A Chosen Few - Mark Kurlansky [140]
Dwora and Hershl Silberman were of that more modest wartime generation. Although he was strictly religious, Hershl Silberman shaved every morning and dressed like any other Belgian man. But his son Mechilim, named after Dwora's father, started wearing Ha-sidic clothes as a child in the late 1950s, even before it became fashionable. Mechilim did not approve of the way his father appeared to hide his Jewishness. If a gentile even knocked on the door, he noticed his father would quickly remove his hat. That was not the kind of Jew he wanted to be. Where had that attitude gotten his parents’ generation? Mechilim wore black and peots and hats, and when he could, he would grow a beard for everyone to see. At first, he was thought a little odd, but by the time he was an adult, this was the normal look for Antwerp Jews.
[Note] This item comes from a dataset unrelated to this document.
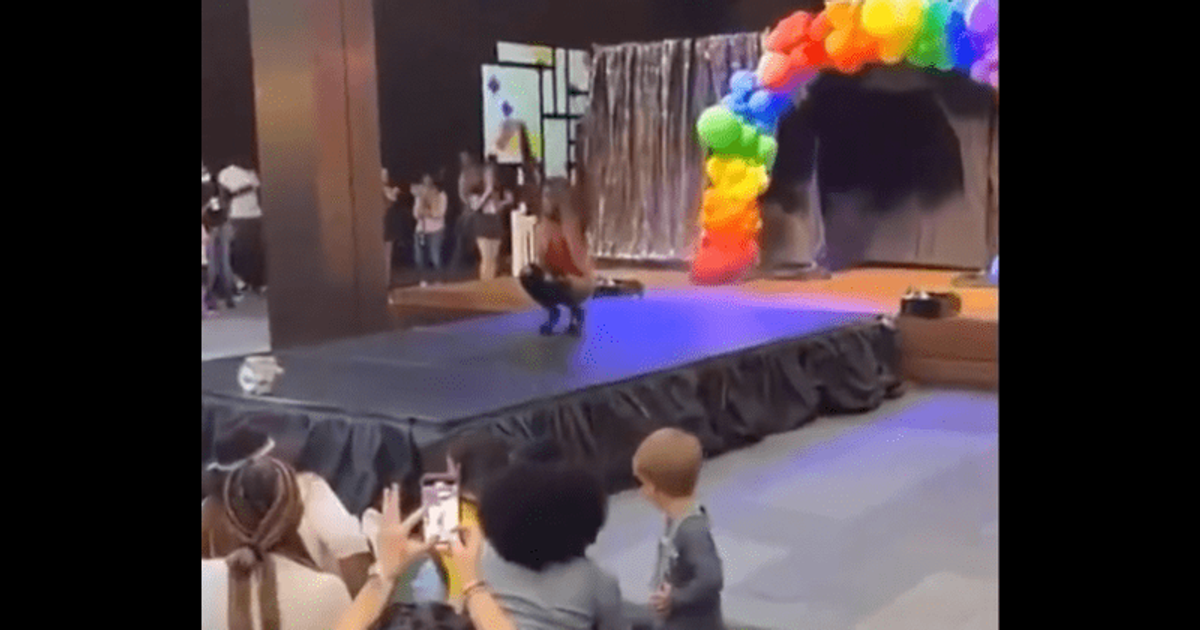 Outrage as drag queen spreads legs and thrusts breasts forward as little kids encouraged to TIP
THE MEN IN ANTWERP started their weekdays at seven-thirty in the various synagogues, where they wrapped tefillin so tightly that their arms turned red, and they said their morning prayers. Then they had breakfast together—coffee, herring, eggs. A few deals were made. A broken watch could be shown to the jeweler, some silver might be discussed with the silver dealer. And there were family matters—matches to be made, marriages to be arranged. By nine o'clock, they were all off to work. It was all in Yiddish, and some older immigrants, finding that Yiddish was all that they needed, never learned Flemish.
They intermarried with the world's other traditional communities. Antwerp, New York, Jerusalem, and London were places where traditional Jews searched for marriage partners. Young people were constantly marrying in and out of Antwerp. The families had four and five children, and with some leaving and others marrying in, the population remained fairly stable at a little more than twenty thousand.
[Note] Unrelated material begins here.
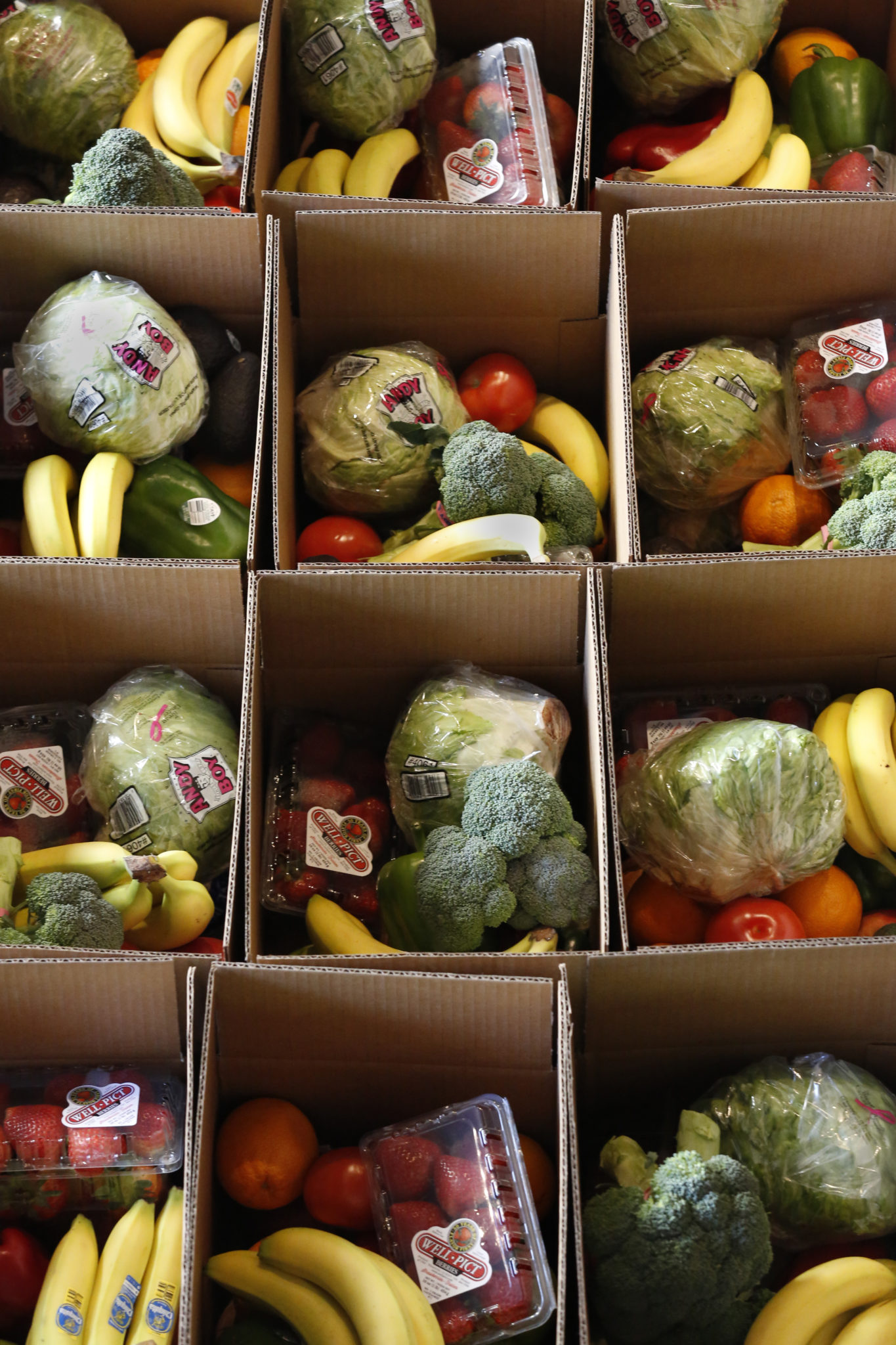 Boxes of produce for grocery boxes available for curbside pick-up at Third Street Aleworks in Santa Rosa, California on Friday, May 1, 2020. (BETH SCHLANKER/ The Press Democrat)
A typical new arrival was Levy Kohane. His family were Bobover Hasidim who had fled Poland in the 1930s and settled in Antwerp. At the beginning of the occupation, all but the father had been shot during a Nazi roundup of Jews. After the war the father had settled in Paris where, though he said he had lost his beliefs, he raised his four children according to Hasidic tradition. Levy was allowed no contact with girls until he was 20. Then a marriage was arranged with an Antwerp girl. A contract was signed, and the two were brought together. Levy's first impression: “What could I think? It was one of my first meetings with a girl. Her first with a boy.” They settled in Antwerp and started having children.
SLOWLY DURING THE 1970S the diamond industry changed. Before the war most of the world's diamonds had been made in Antwerp. It was the only center that handled large quantities. But now, as in all manual labor industries, there was competition from impoverished countries. Sawing, cleaving, and polishing could all be done cheaper in India. In Antwerp, when cleaving was done at all, it no longer involved much labor since it was generally executed with amazing speed with the use of laser beams. Antwerp's diamond district gradually began moving away from the manufacturing of diamonds, but it remained prosperous as the world's great diamond trading center. Brokers peddling rough stones to manufacturers and dealers trading in finished diamonds remained. About three-fourths of the rough diamonds in the world still passed through Antwerp. But fewer of them were being cut there.
Sam Perl closed his sawing factory. After the war there had been about 250 sawers in Antwerp, but by 1980 only some twenty-five remained.